◆ **What this task involves**: Within the records below, find the line with "18804 W Chatham Way, Lake Villa, IL 60046" and the line with "Pull&Bear Lemon Print Dress", then reproduce exactly those two lines and all lines between them, without any picture.

◆ **Data section**:
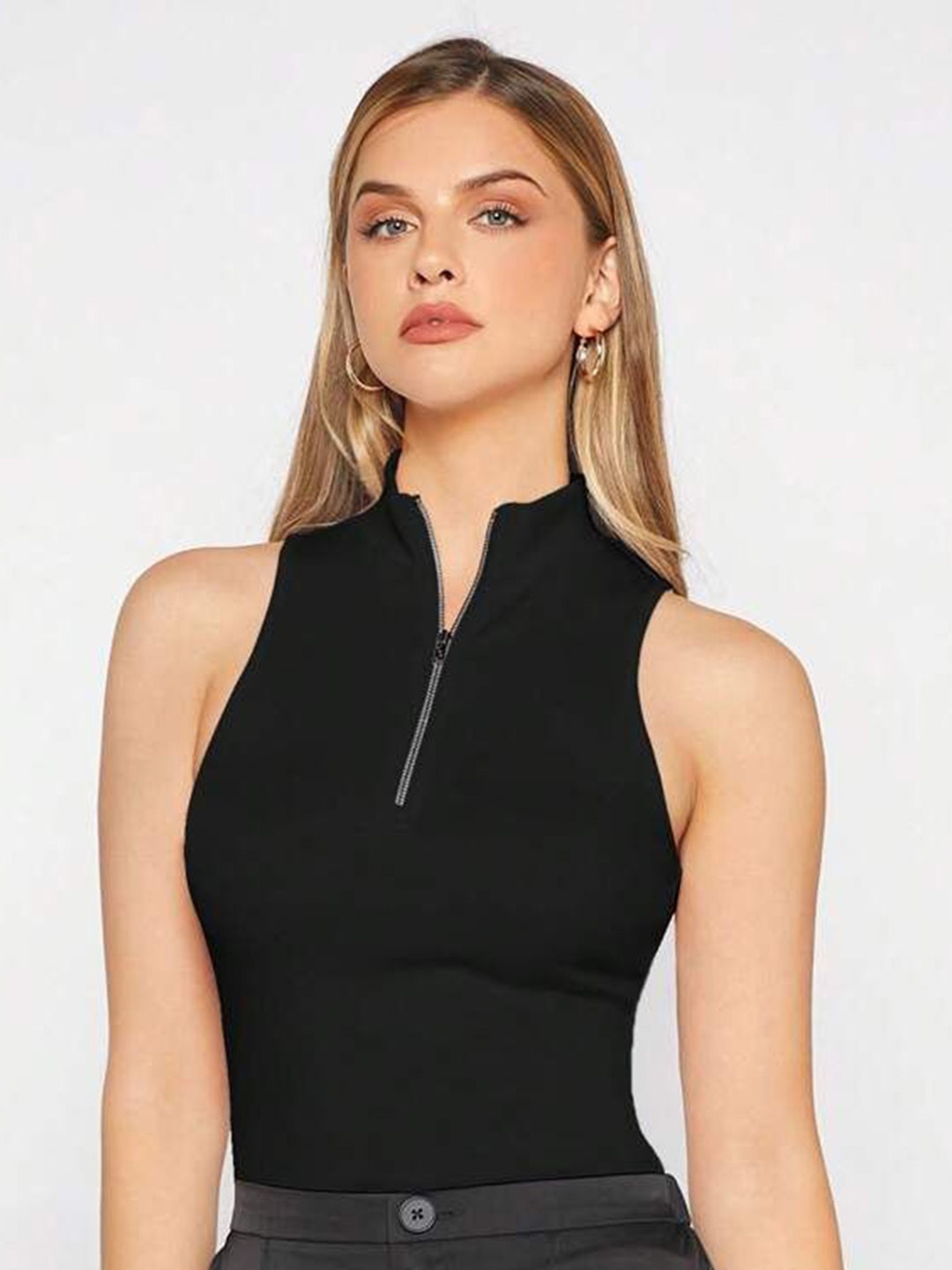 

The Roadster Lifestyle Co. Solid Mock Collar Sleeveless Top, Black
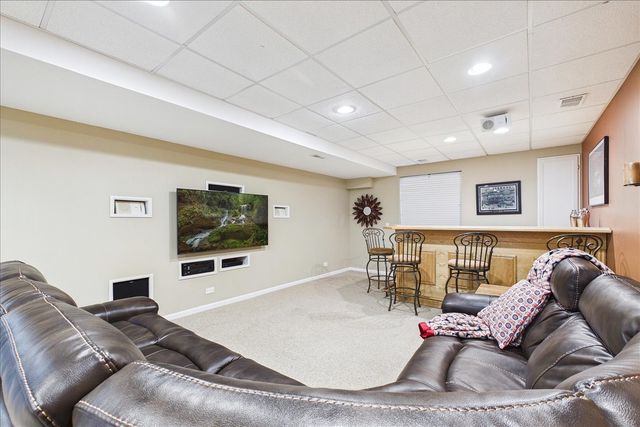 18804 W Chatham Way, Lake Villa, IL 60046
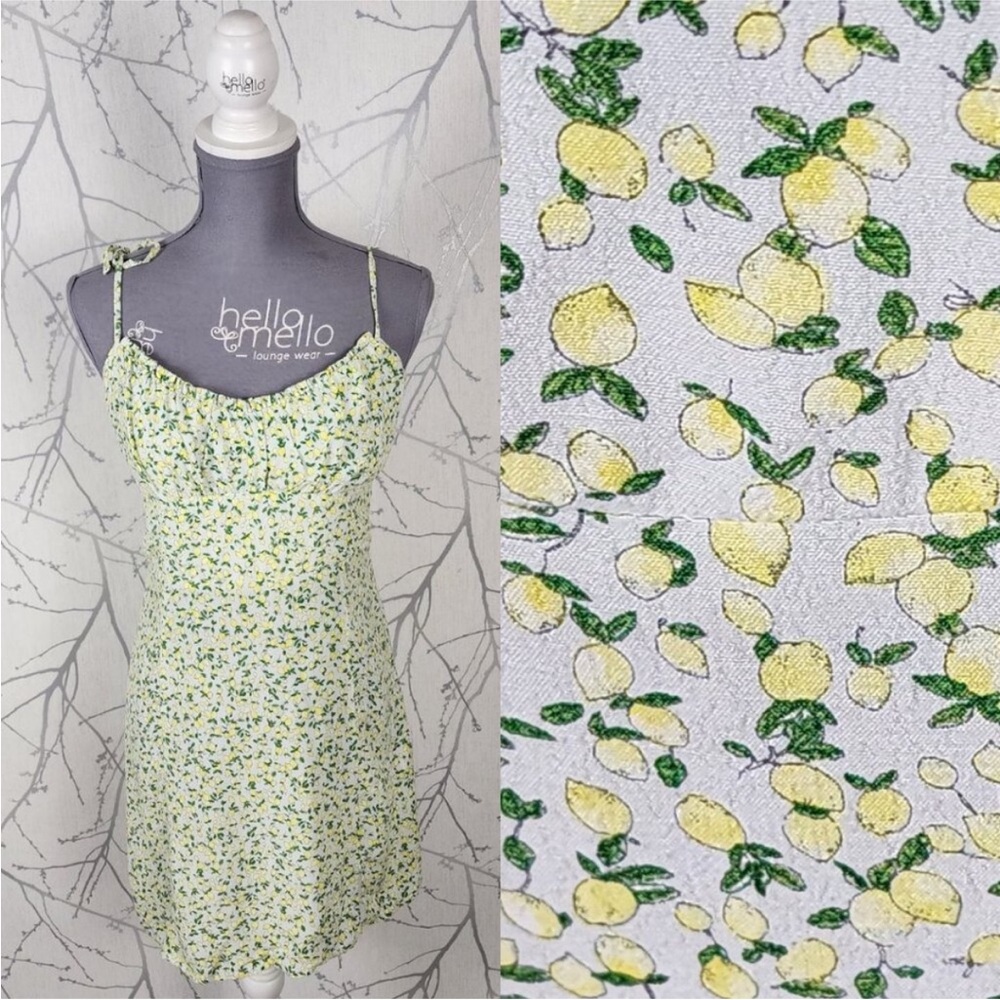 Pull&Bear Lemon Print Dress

...

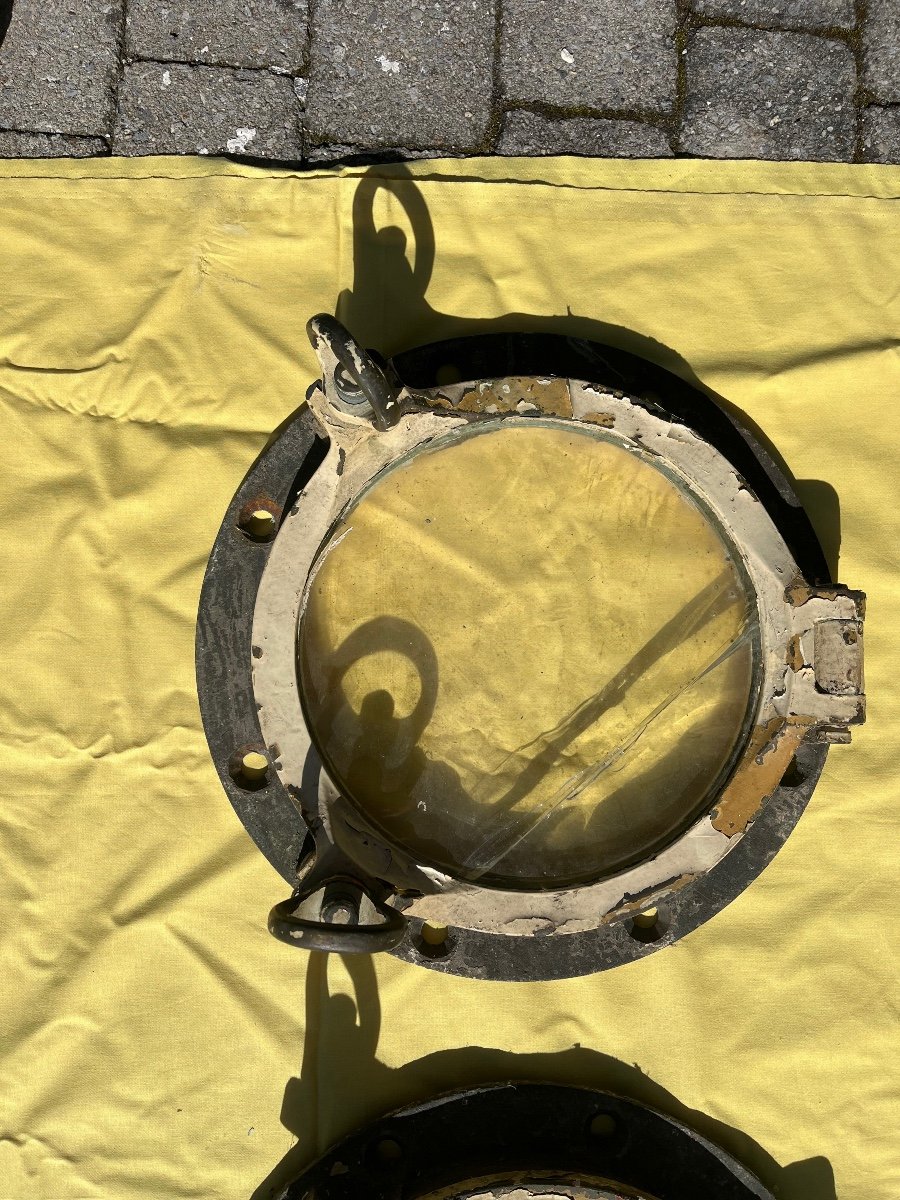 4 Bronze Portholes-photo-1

◆ **Reply**:
 18804 W Chatham Way, Lake Villa, IL 60046
 Pull&Bear Lemon Print Dress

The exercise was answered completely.